◆ Problem to solve ◆
Shown below is a listing with pictures; reproduce exactly, and only, the lines between the ones containing "ราคา กทมส่งใน 1" and "Brennon & Melodie Novacek adoption photo 3", inclusive, leaving the pictures out.

◆ Source data ◆
________________________________________

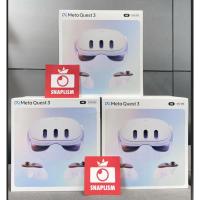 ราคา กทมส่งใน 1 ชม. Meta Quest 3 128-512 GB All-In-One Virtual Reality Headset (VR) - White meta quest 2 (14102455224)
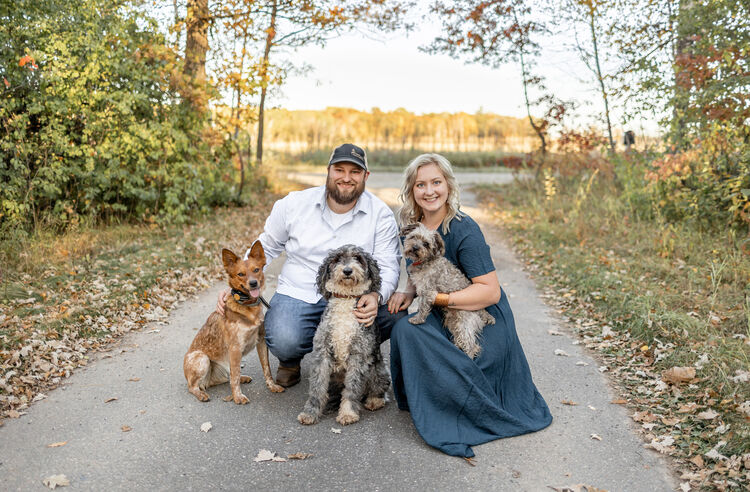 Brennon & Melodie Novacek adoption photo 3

________________________________________

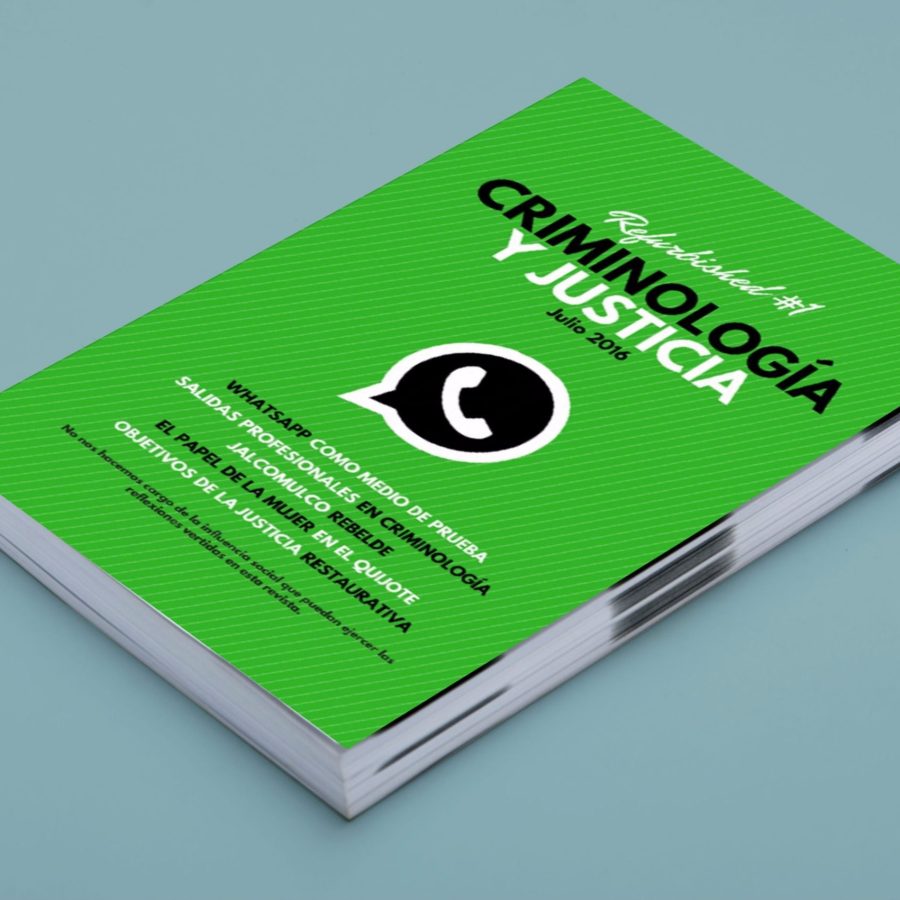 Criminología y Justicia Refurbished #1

________________________________________

◆ Task output ◆
 ราคา กทมส่งใน 1 ชม. Meta Quest 3 128-512 GB All-In-One Virtual Reality Headset (VR) - White meta quest 2 (14102455224)
 Brennon & Melodie Novacek adoption photo 3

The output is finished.